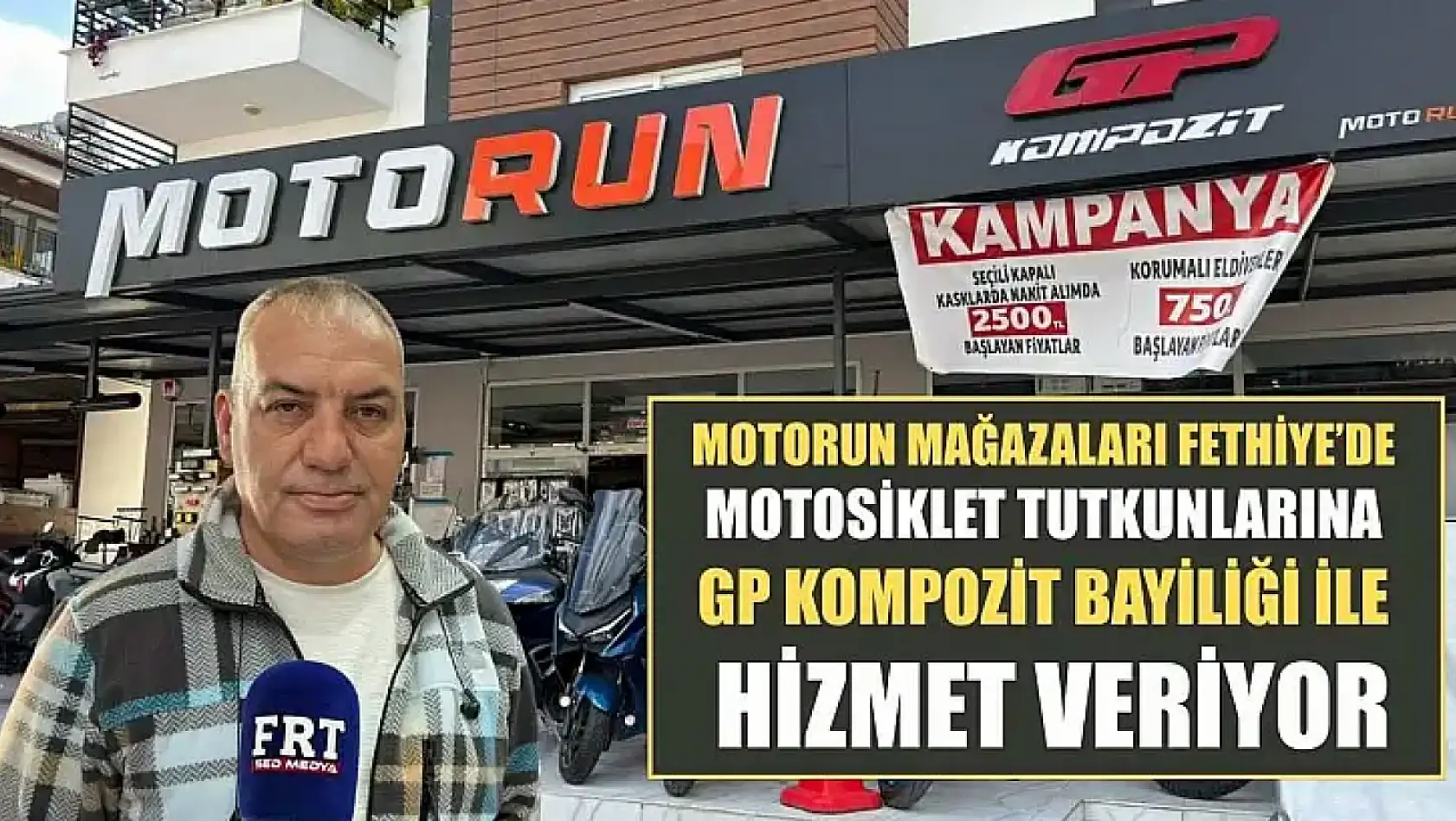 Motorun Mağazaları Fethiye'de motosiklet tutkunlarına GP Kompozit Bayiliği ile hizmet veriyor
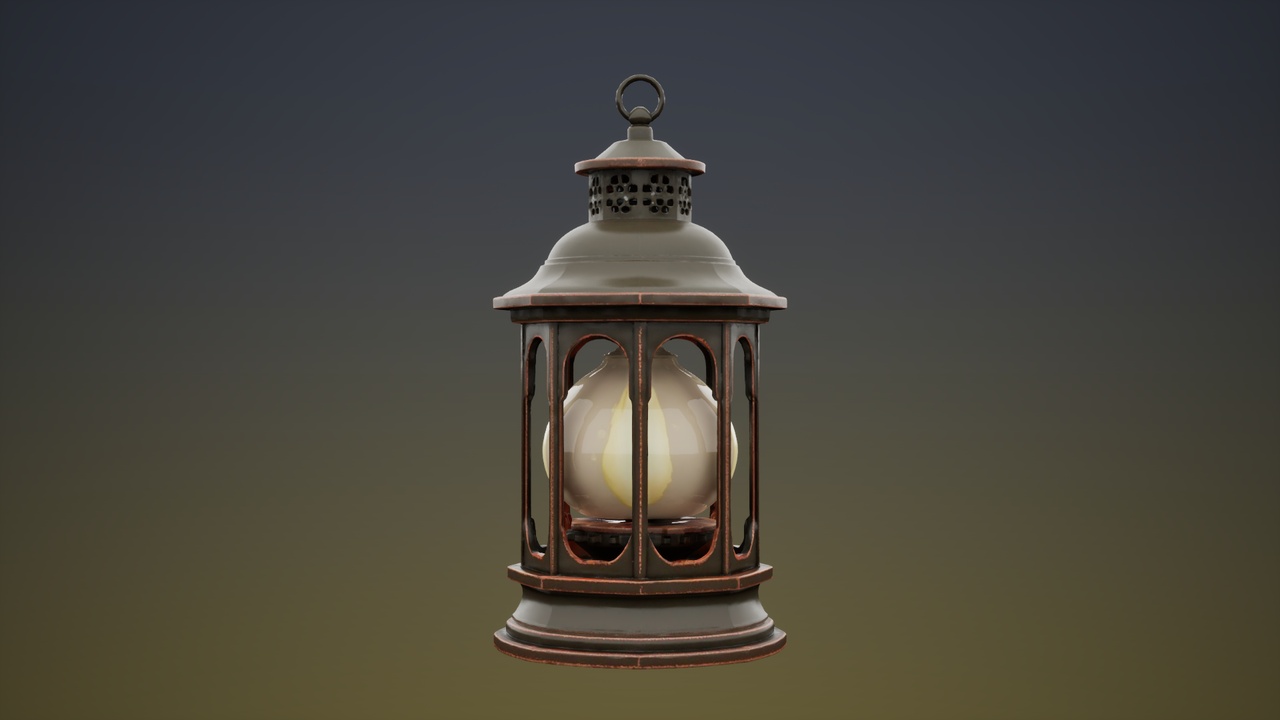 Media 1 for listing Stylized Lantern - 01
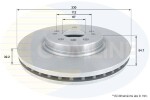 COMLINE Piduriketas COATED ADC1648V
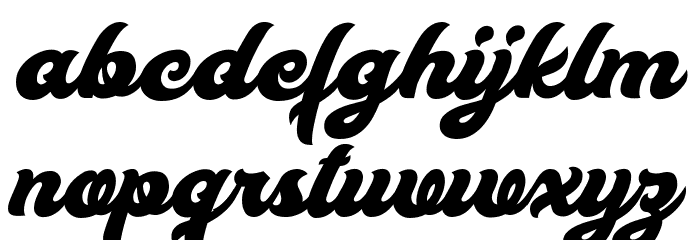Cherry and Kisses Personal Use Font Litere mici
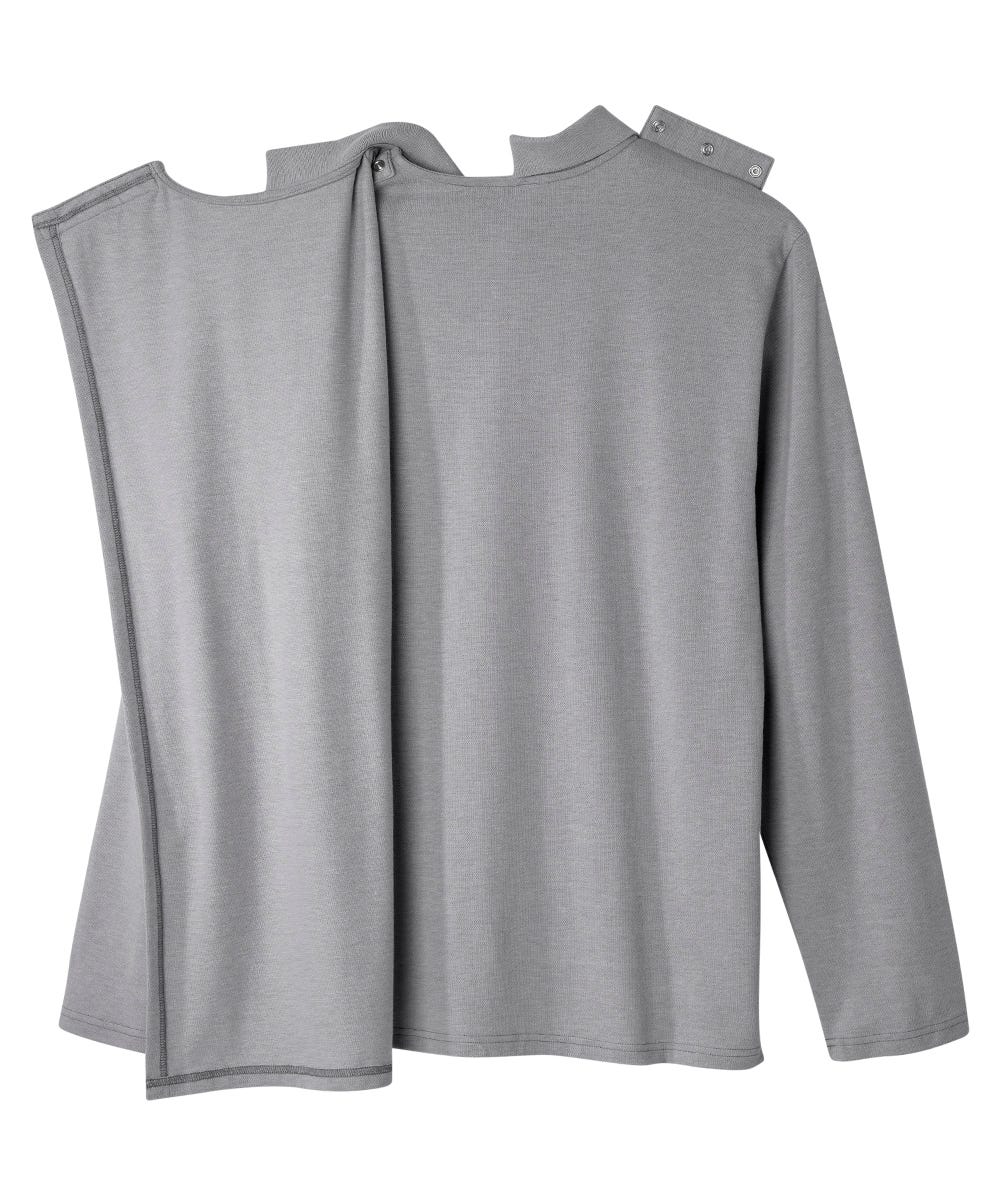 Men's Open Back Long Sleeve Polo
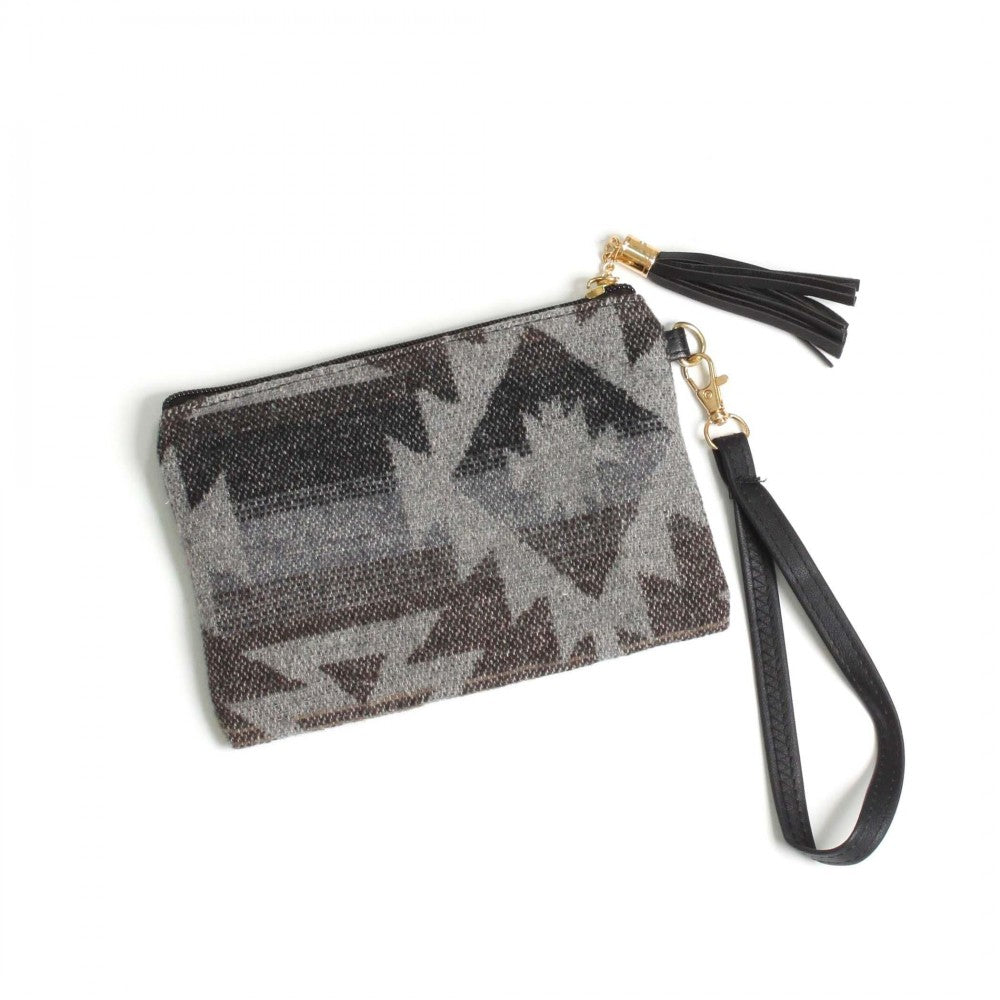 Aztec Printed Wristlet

- - - - -

• What to work on:
Set down the material exactly as given, but print none of the pictures.

• Solution to the problem:
 Motorun Mağazaları Fethiye'de motosiklet tutkunlarına GP Kompozit Bayiliği ile hizmet veriyor
 Media 1 for listing Stylized Lantern - 01
 COMLINE Piduriketas COATED ADC1648V
Cherry and Kisses Personal Use Font Litere mici
 Men's Open Back Long Sleeve Polo
 Aztec Printed Wristlet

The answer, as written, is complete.